Die Eltern des Klägers waren Eigentümer mehrerer Grundstücke. 1990 übertrugen sie diesen Grundbesitz schenkweise auf seine Schwester (S). S verpflichtete sich, die Hälfte des Grundbesitzes unentgeltlich dem Kläger zu übereignen, "soweit dieser es wünscht". Im Fall eines Verkaufs von Grundstücken hatte S die Zustimmung des Klägers einzuholen und den Erlös mit ihm zu teilen. 1998 veräußerte S einige Grundstücke und gab die Hälfte des Erlöses an den Kläger weiter. Wegen der Auskehrung des Erlöses setzte das FA Schenkungsteuer gegen den Kläger fest. Dagegen wandte er sich erfolglos an das FG mit der Begründung, die Schenkung an ihn sei bereits 1990 erfolgt und die Festsetzungsfrist mittlerweile abgelaufen.

 

Entscheidung

Der BFH gab dem Kläger Recht. Die Frage, ob bei Schenkungen unter der Auflage, eine Leistung an einen Dritten zu erbringen, die Begünstigung des Dritten nach Nr. 1 oder 2 des § 7 Abs. 1 ErbStG zu besteuern ist, richtet sich danach, ob der begünstigte Dritte aus der Anordnung des Schenkers einen frei verfügbaren Anspruch auf die Leistung erlangt hat oder nicht. Ein aufschiebend bedingter Anspruch ist noch nicht frei verfügbar in diesem Sinn.
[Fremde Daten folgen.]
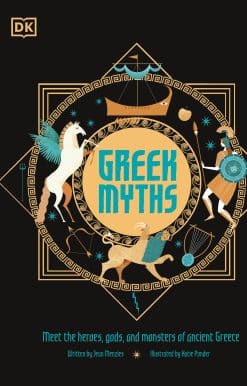 Meet the heroes, gods, and monsters of ancient Greece: Greek Myths
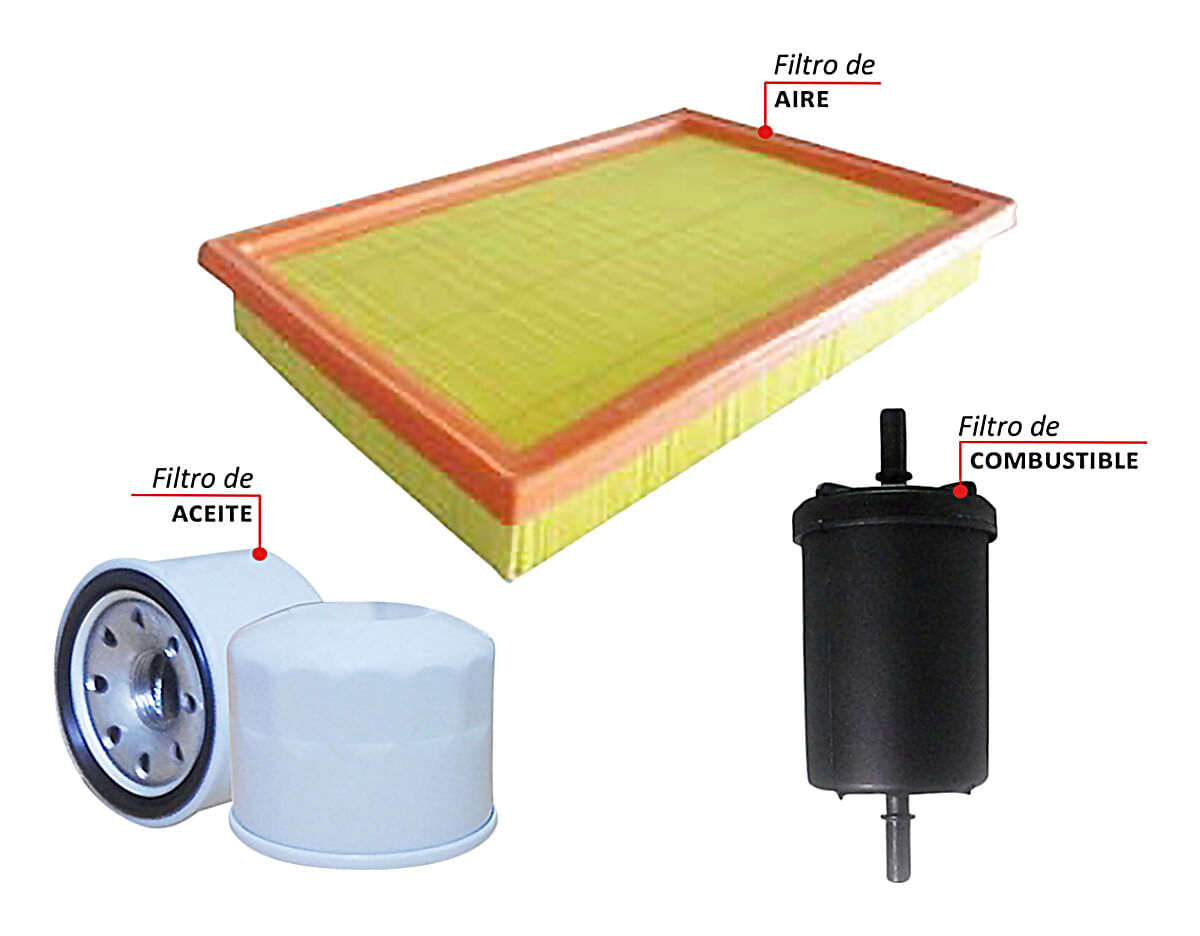 Kit De Filtros 3 Piezas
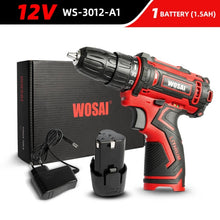 Load image into Gallery viewer, 12V 16V 20V Cordless Drill Electric Screwdriver Mini Wireless Power Driver - midtownperfection
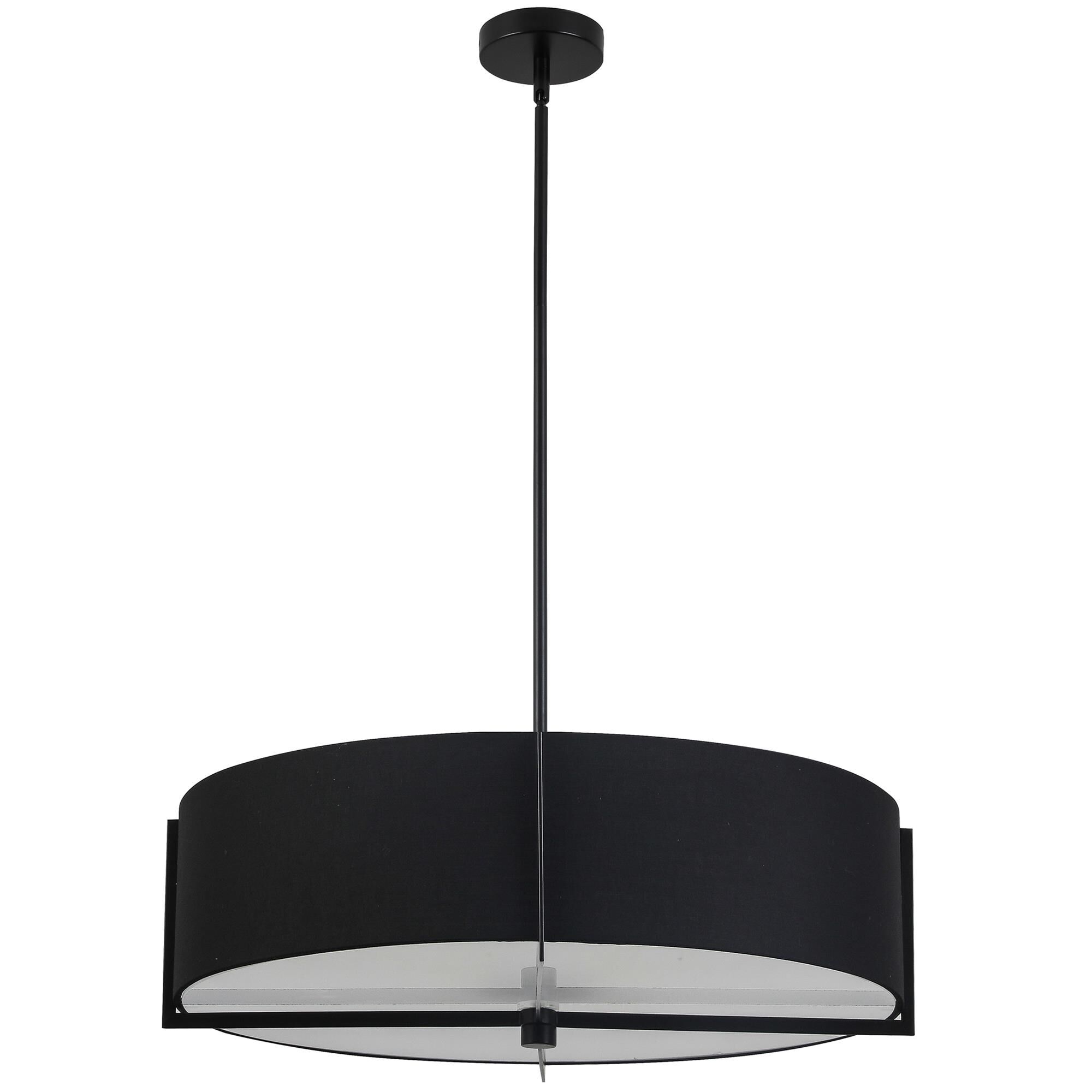Preston 26 Inch Large Pendant by Dainolite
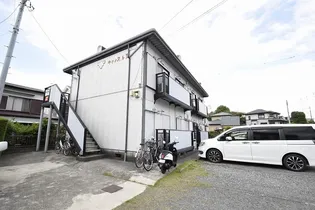 キャッスルⅡ【1階】の外観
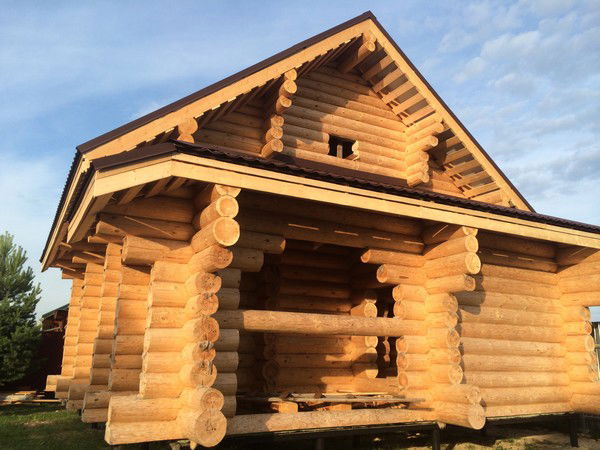 Евгений Глезерман. Деревнные Дома/бани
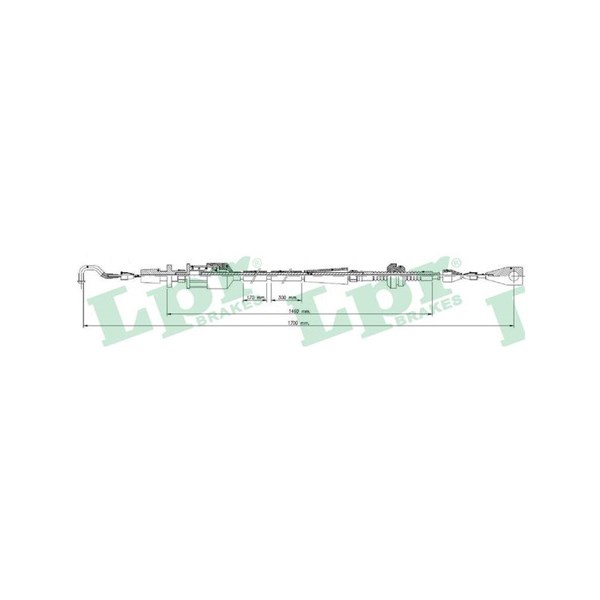 Gasvajer Lpr C0013A LPR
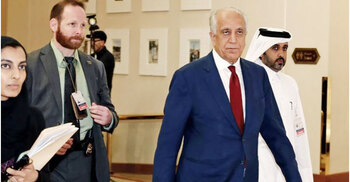 US envoy to Afghanistan resigns in wake of chaotic withdrawal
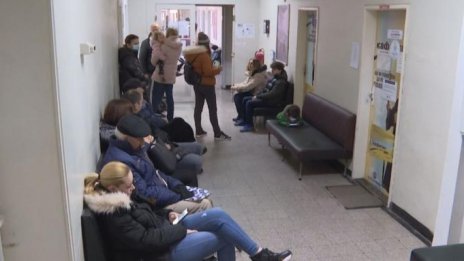 GP-та предупреждават за опасност от морбили у нас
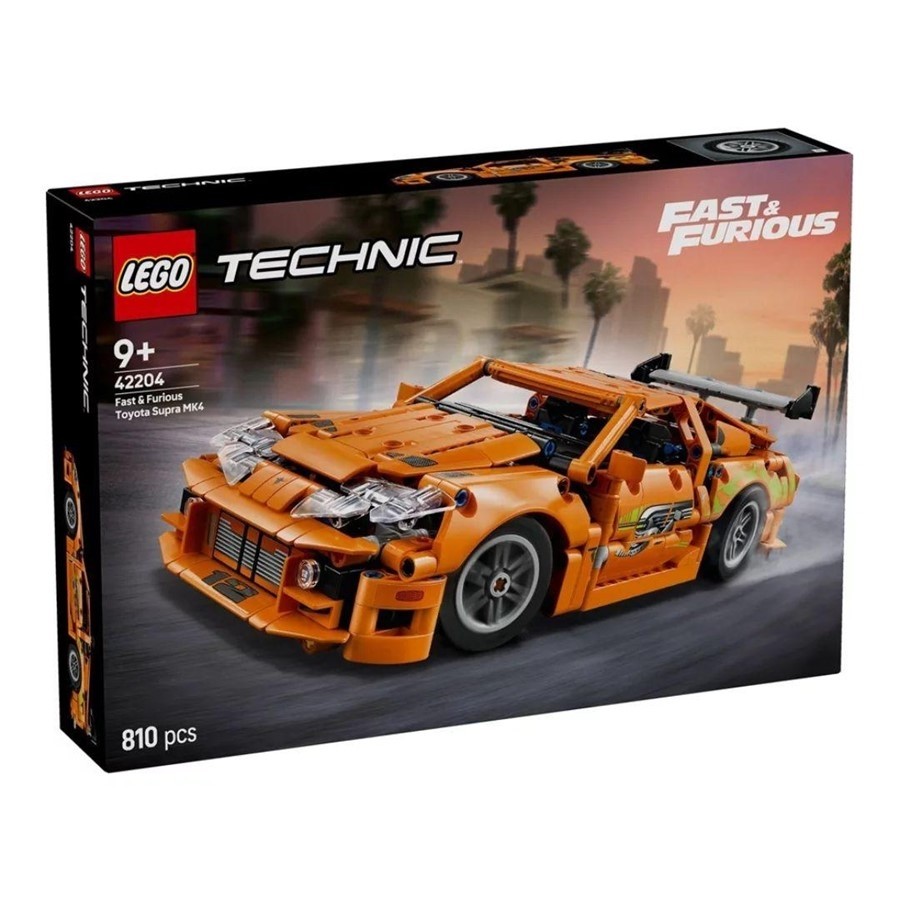 LEGO Technic Fast & Furious Toyota Supra MK4 42204 (#30592)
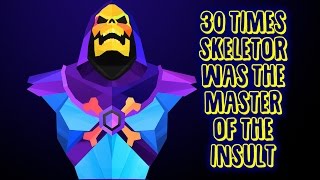 30 Times Skeletor Was The Master Of The Insult [upl. by Dawn]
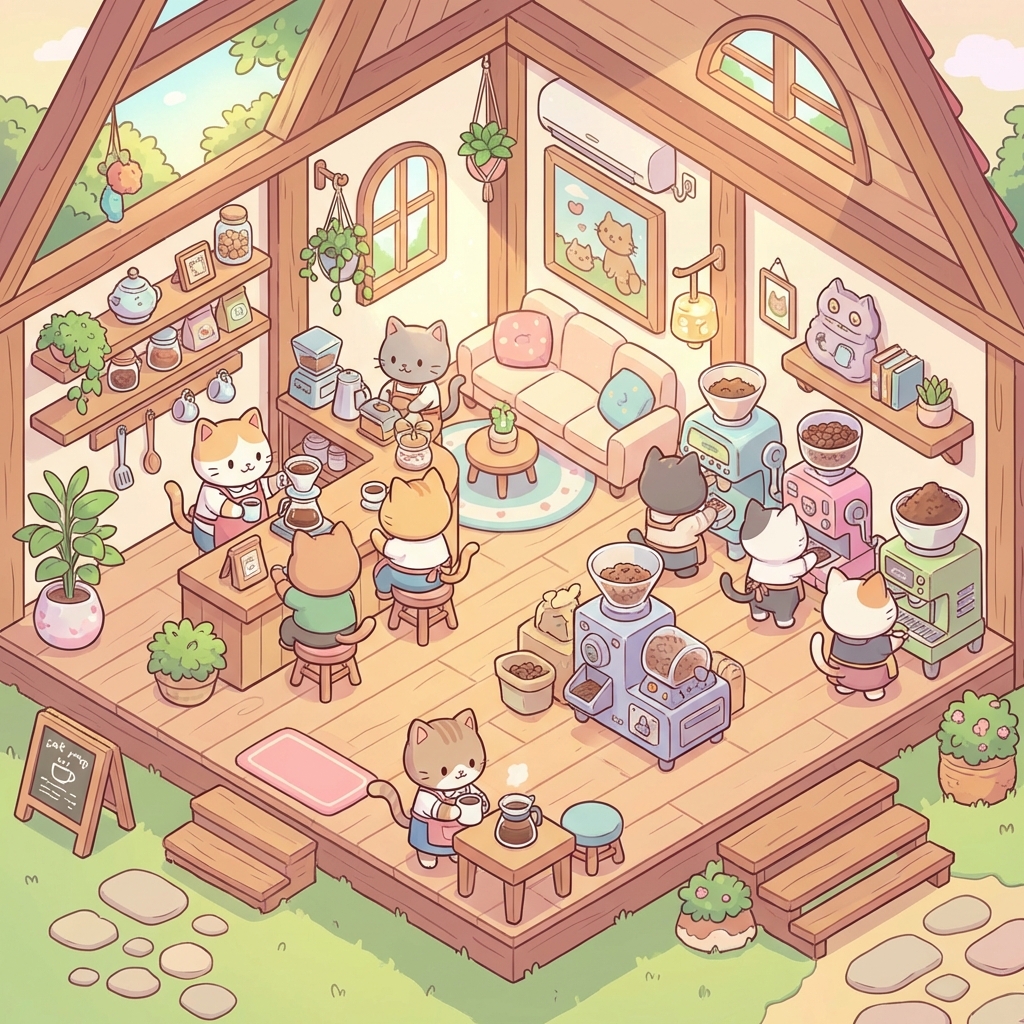 猫屋猫屎香攻略封面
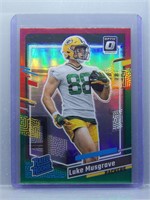 Luke Musgrave Rookie 2023 Optic Preview Green/Red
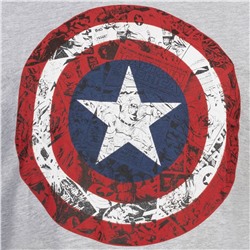Captain America MARVEL Comic Shield Herren T-Shirt FBMTS088SPO
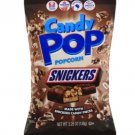 (Pack of 10) Candy Pop Popcorn Made With Snickers Candy Pieces - 149 gram Pack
Der Kläger hat bereits 1990 einen frei verfügbaren Anspruch erworben. Daran ändert der Zusatz "soweit er es wünscht" nichts, weil es sich dabei um eine allein vom Willen des Klägers abhängige (Potestativ-)Bedingung handelt. Auch die Regelungen für den Fall einer Weiterveräußerung der Grundstücke durch S sind insoweit ohne Bedeutung. Sie räumten dem Kläger kein Wahlrecht ein – wie das FG meinte –, sondern dienten lediglich der Sicherstellung des dem Kläger 1990 zugewendeten Eigentumsverschaffungsanspruchs. Da der Anspruch bereits mit Abschluss des Vertrags zwischen den Eltern und S entstand, entstand nach § 9 Abs. 1 Nr. 2 ErbStG gleichzeitig die Steuer.

 

Hinweis

Erlangt der Dritte bei einem echten Vertrag zugunsten Dritter i.S.d. § 328 Abs. 1 BGB einen unbedingten Anspruch, besteht – falls sich aus dem Verhältnis des Dritten zum Versprechensempfänger nichts anderes ergibt – die Bereicherung des Dritten in diesem Anspruch und ist die Schenkung bereits mit dem Abschluss des Vertrags zwischen dem Versprechenden und dem Versprechensempfänger ausgeführt. Es bedarf zur Ausführung der Schenkung keines Vollzugs seitens des Versprechenden mehr, so dass auch die Schenkungsteuer in der Person des Dritten sofort entsteht.

Zwischen dem Dritten und dem Versprechensempfänger können allerdings Rechtsbeziehungen bestehen, die einer Bereicherung des Dritten entgegenstehen und damit eine Schenkung ausschließen.